Vrai, ça varie selon les bureaux, la clientèle et l'âge des avocats. Mais, dans l'ensemble, le français y est très présent. Même dans des bureaux encore perçus très anglos comme Davies Ward Phillips & Vineberg, où pratique depuis 10 ans l'ancien premier ministre du Québec Lucien Bouchard, il est dur de dégoter un avocat qui ne parle pas français.

En français S.V.P.

«Des avocats unilingues nous n'en avons plus», dit le patron Pierre-André Themens. Bilingue, mais avant tout francophone, Me Themens affirme qu'il s'adresse la plupart du temps à ses collègues en français, même à ceux pour qui l'anglais est la langue maternelle. Cela donne parfois lieu à des situations cocasses, dit-il, surtout durant les réunions où untel pose une question en anglais et se fait répondre en français.

«Il y a juste au Québec que ça arrive!», dit, amusé, Pierre-André Themens.

Bien sûr, le niveau de maîtrise de la langue est inégal et ce n'est pas tous les avocats qui ont lu À la recherche du temps perdu, comme Lucien Bouchard. Mais chacun se débrouille, assez en tout cas pour servir les clients dans la langue de leur choix. En fait, dans les cabinets d'avocats - Pierre Elliott Trudeau serait content -, le bilinguisme est roi.

Pierre-André Themens s'adresse en français à ses avocats; certains lui répondent en anglais!
Pierre-André Themens s'adresse en français à ses avocats; certains lui répondent en anglais!
Chez Davies Montréal, toutes les communications officielles se font soit en français, soit dans les deux langues. «Jamais juste en anglais», précise Me Themens. Pour ses avocats, le cabinet propose même des cours de langues, autant en français qu'en anglais. L'an dernier, il y a eu davantage de francophones suivant des cours d'anglais que l'inverse.
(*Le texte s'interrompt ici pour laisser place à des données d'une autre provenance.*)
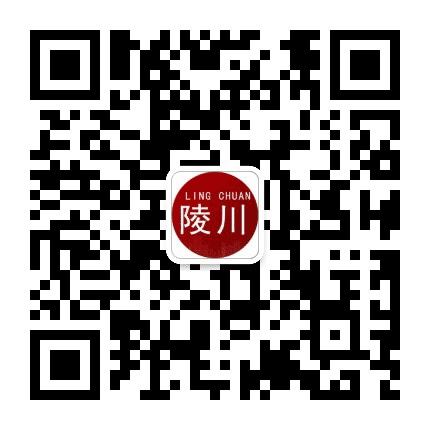 陵川老乡俱乐部公众号二维码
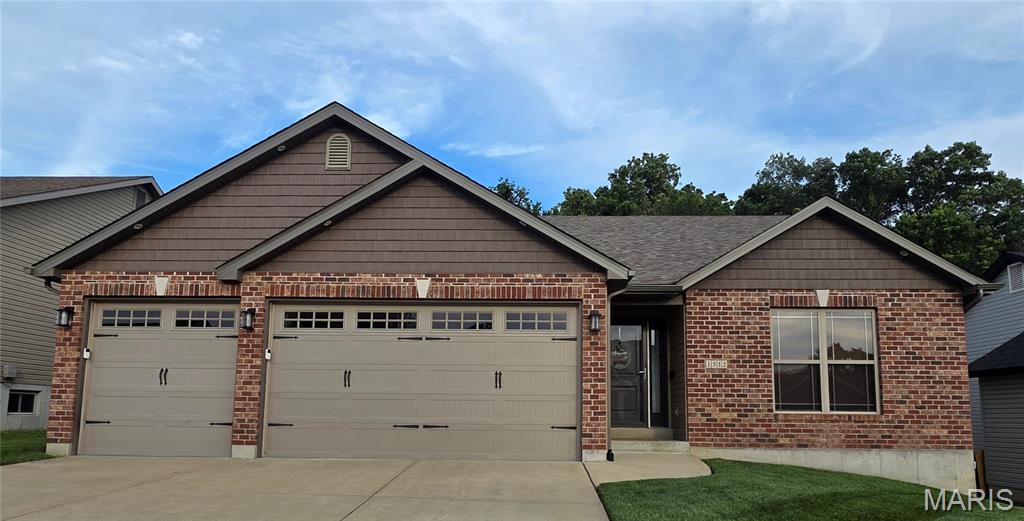 Photo of 1312 Farnman Drive Herculaneum MO 63048
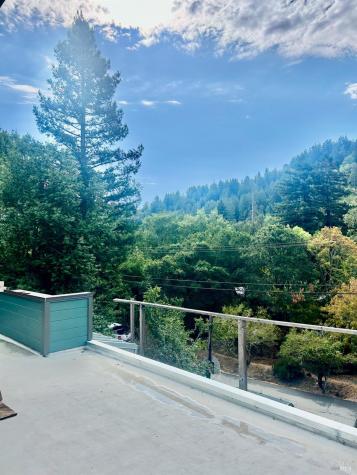 572 Cascade Drive Fairfax CA 94930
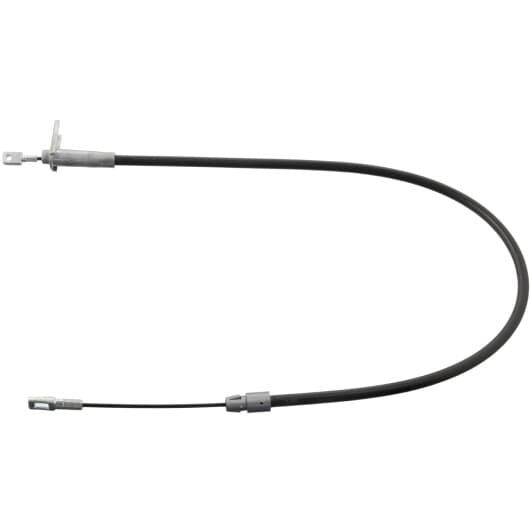 18121 Febi Трос ручного тормоза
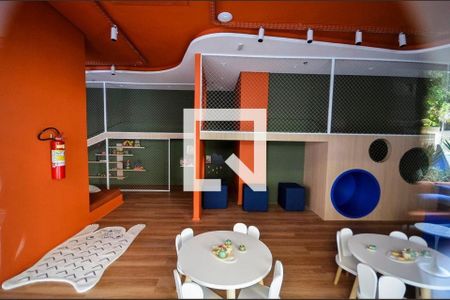 Apartamento à venda com 90m², 3 quartos e 1 vaga Apartamento à venda com 90m², 3 quartos e 1 vagaÁrea comum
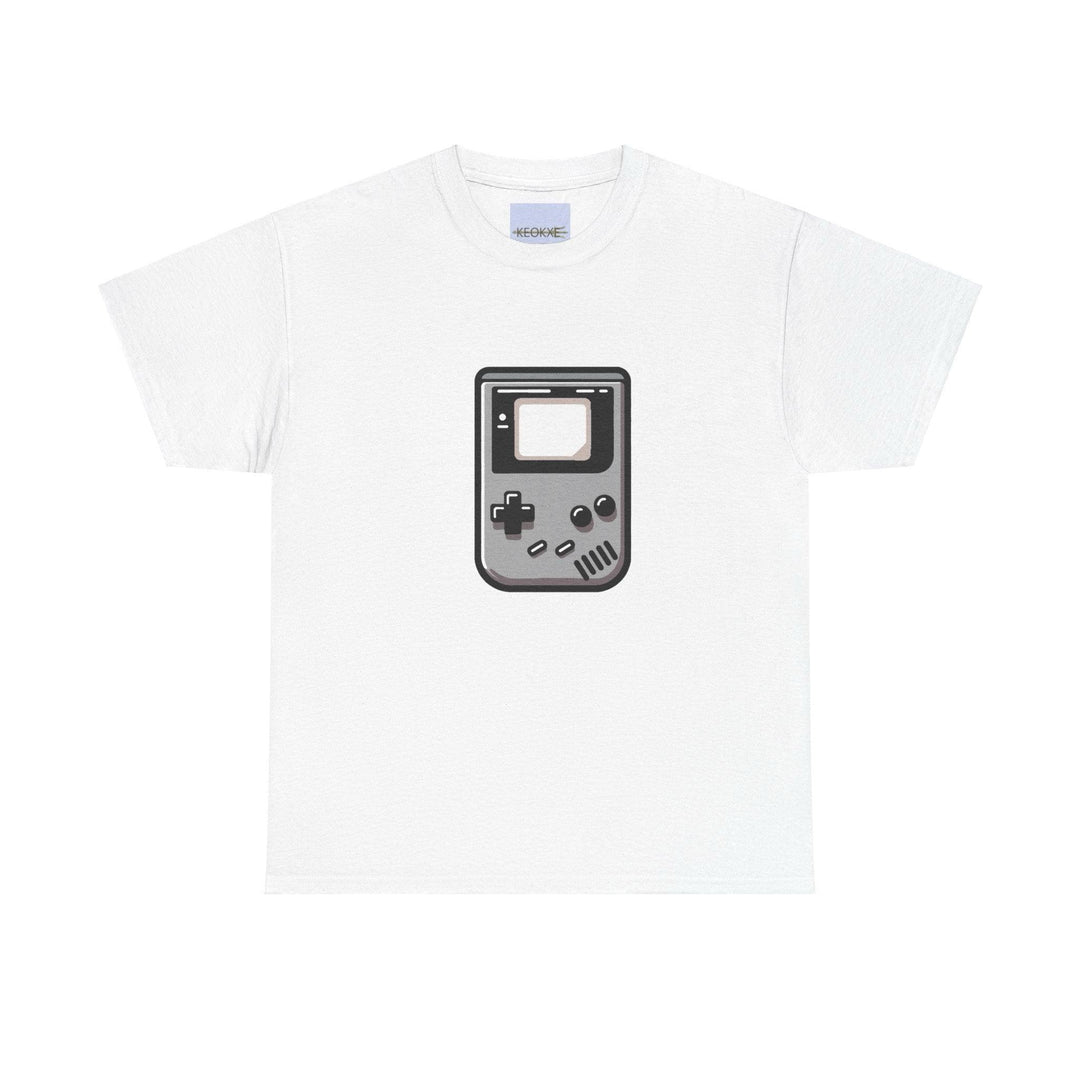Gameboy T-shirt - Baby Keo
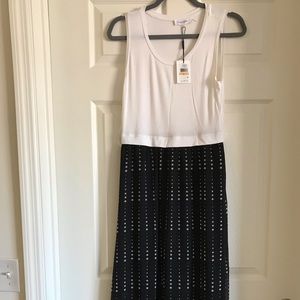 New Calvin Klein dress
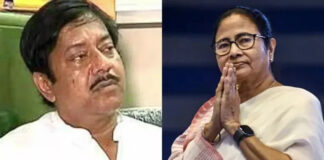 Jyoti Priya Mallick resignation
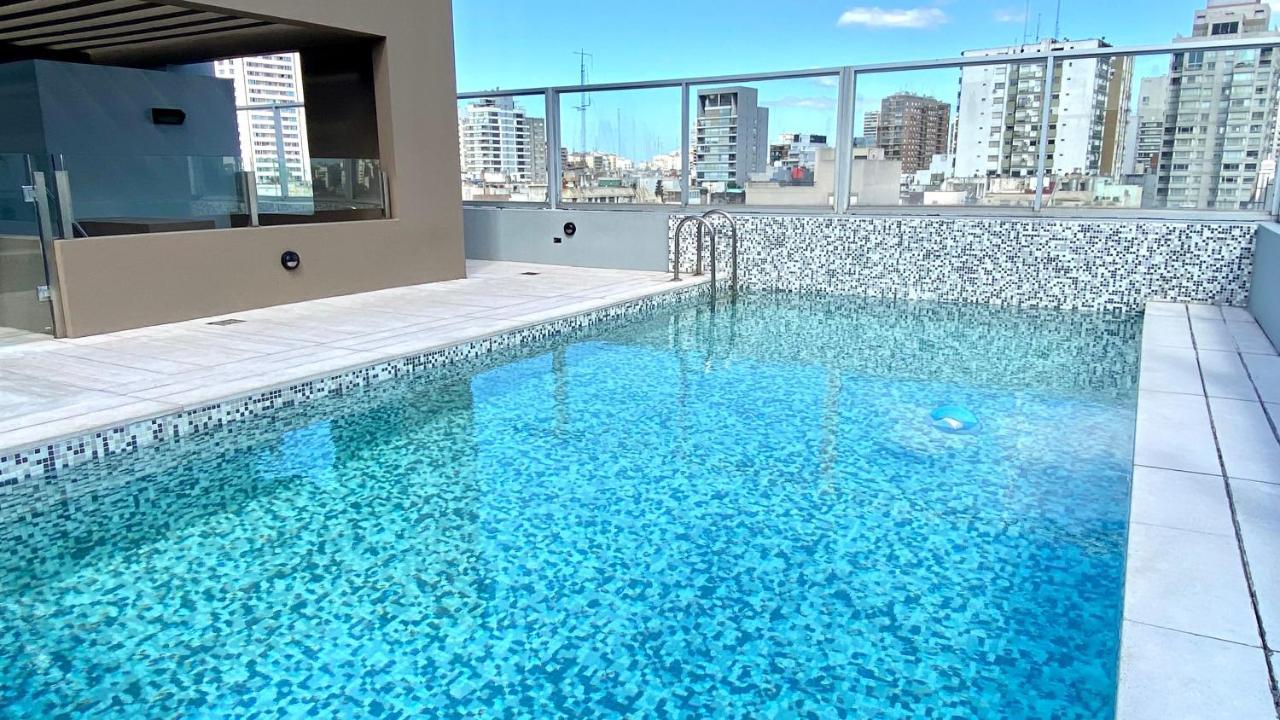 Beautiful In Palermo Soho Apartment Buenos Aires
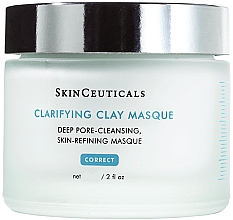 Düfte, Parfümerie und Kosmetik Gesichtsreinigungsmaske - SkinCeuticals Clarifying Clay Masque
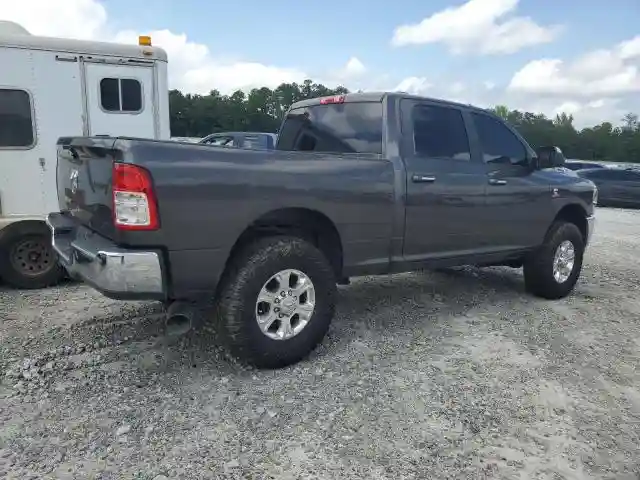 3C6UR5DLXKG634415 2019 RAM 2500-2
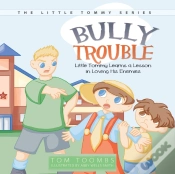 Capa do artigo Bully Trouble
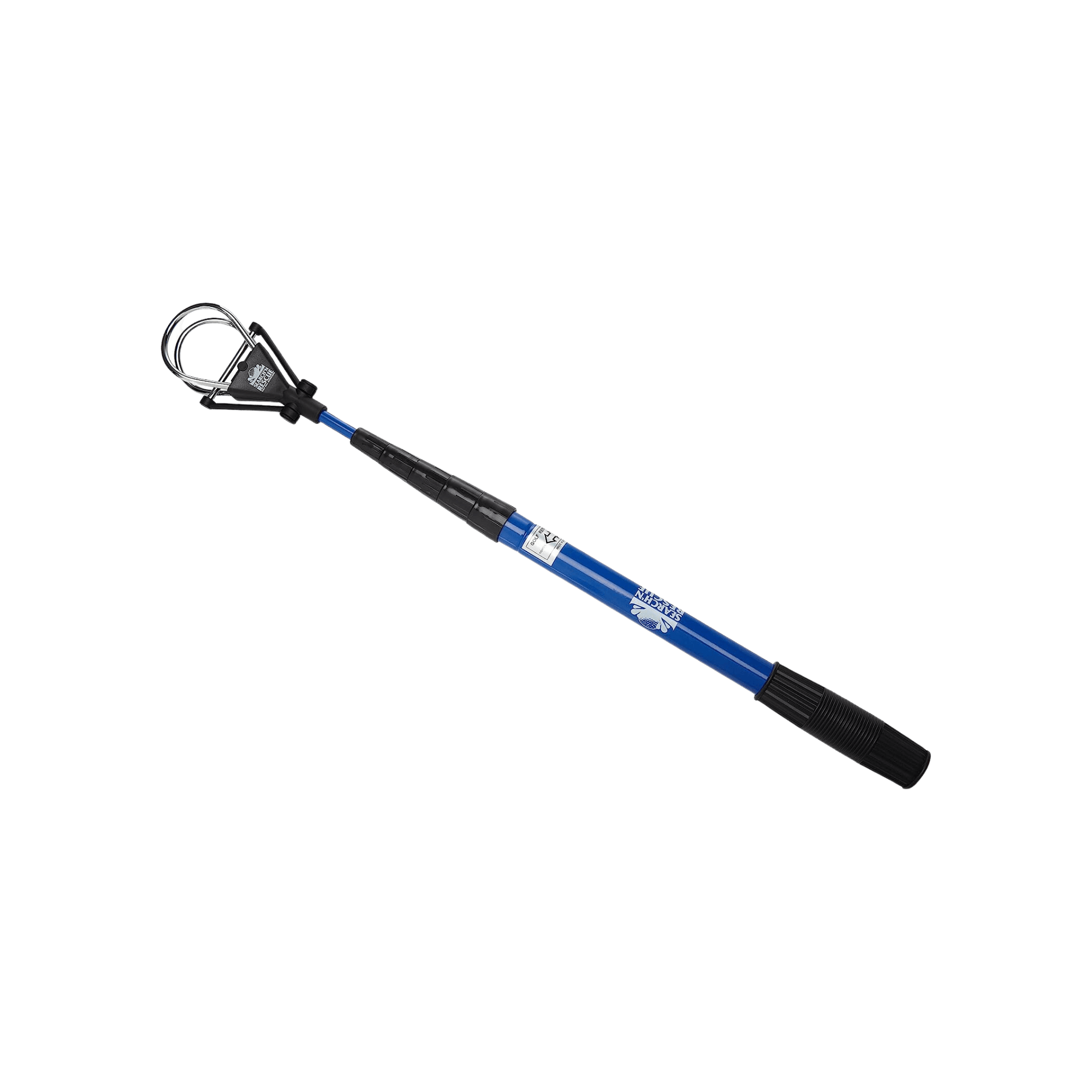 Search'N Rescue Blue Rescue Golf Ball Retriever Review MyGolfSpy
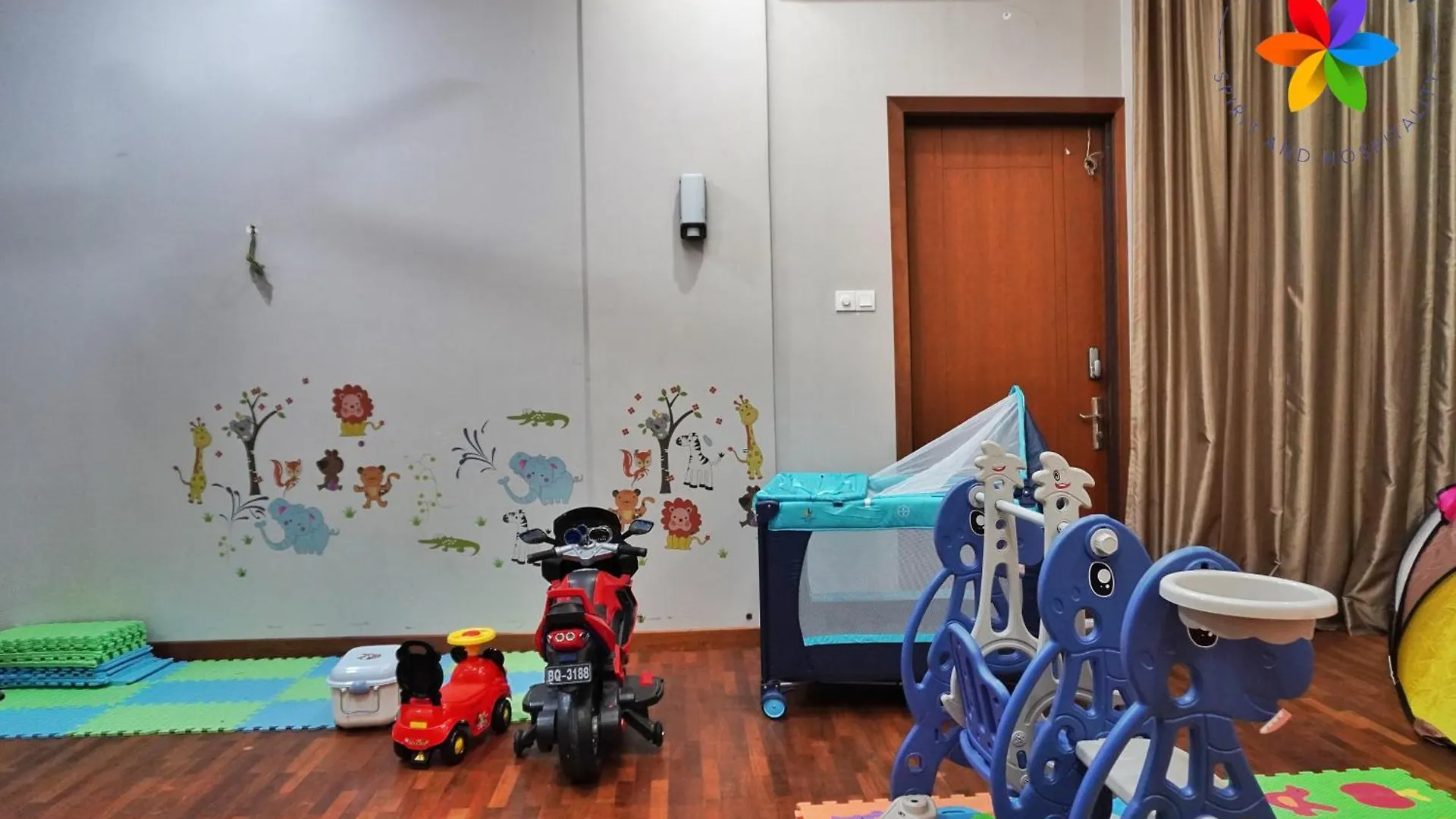 40P, Subang Villa With Pool/Bbq/Karaoke/Meeting Subang Jaya Malásia
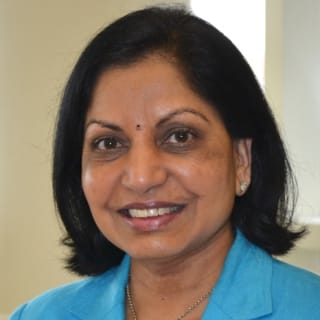 Jayalakshmi Attaluri, MD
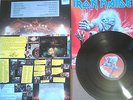 Iron Maiden - A real live one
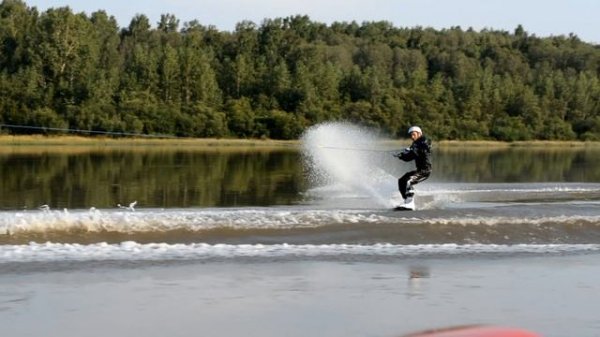 Siberian wakeboard motion.mkv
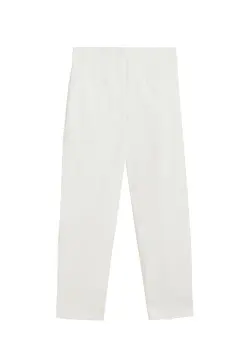 M & s hot sale ladies cropped trousers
Pareil chez Osler Hoskin & Hartcourt, cabinet de Toronto qui n'a pignon sur rue à Montréal que depuis 10 ans. Au bureau montréalais, pas un seul avocat n'est unilingue anglophone et toutes les communications écrites à l'interne sont en français uniquement. Seulement celles qui émanent de Toronto sont bilingues, dit la directrice régionale, Développement de la clientèle, Line Fiset.

Des blogues en anglais

La seule déception est peut-être du côté des blogues. Ces derniers mois, quelques cabinets - notamment McCarthy Tétrault et Stikeman Elliott - ont lancé des blogues juridiques sur divers sujets à l'attention des clients: sur les recours collectifs, en droit du travail, en droit de la concurrence, en propriété intellectuelle, etc. Malheureusement, pour le moment, ils ne sont qu'en anglais - sauf pour deux des blogues de Stikeman où l'on retrouve des articles en français. Chez McCarthy, on indique que le projet est très récent et qu'éventuellement, le cabinet évaluera la possibilité de lancer des blogues en français.

Les clients décident

Le plus souvent, le choix de la langue est déterminé par les clients; communications, contrats, documents déposés auprès des organismes réglementaires, c'est le client, en bout de piste, qui décide de la langue, et c'est bien normal. S'il exige des contrats dans les deux langues officielles, par contre, les cabinets se feront un plaisir de les lui traduire... mais à ses frais. La plupart des bureaux ont d'ailleurs à Montréal des départements de traduction juste à cette fin. Chez Osler, par exemple, une douzaine de personnes y sont affectées, dont trois avocats et quatre traducteurs.

Certains domaines de pratique ont aussi leur langue préférée. En fusions et acquisitions transfrontalières, les contrats sont le plus souvent en anglais. Compréhensible, si on achète une entreprise aux États-Unis, on ne va pas demander à ses avocats américains de parler français.

En droit du travail et de l'emploi, en revanche, le français domine. Chez Heenan, qui compte plus de 50 avocats dans ce secteur, tous parlent le français; la grande majorité des négociations et rédactions de contrats ou conventions collectives se fait aussi dans cette langue. Pas seulement au Québec d'ailleurs, car même à ses bureaux d'Ottawa et de Toronto, Heenan a plusieurs avocats francophones à son service.

«Je vois mal comment on pourrait ne parler qu'en anglais au Québec lorsqu'on négocie avec les syndicats!», souligne Guy Tremblay, coassocié national d'Heenan Blaikie.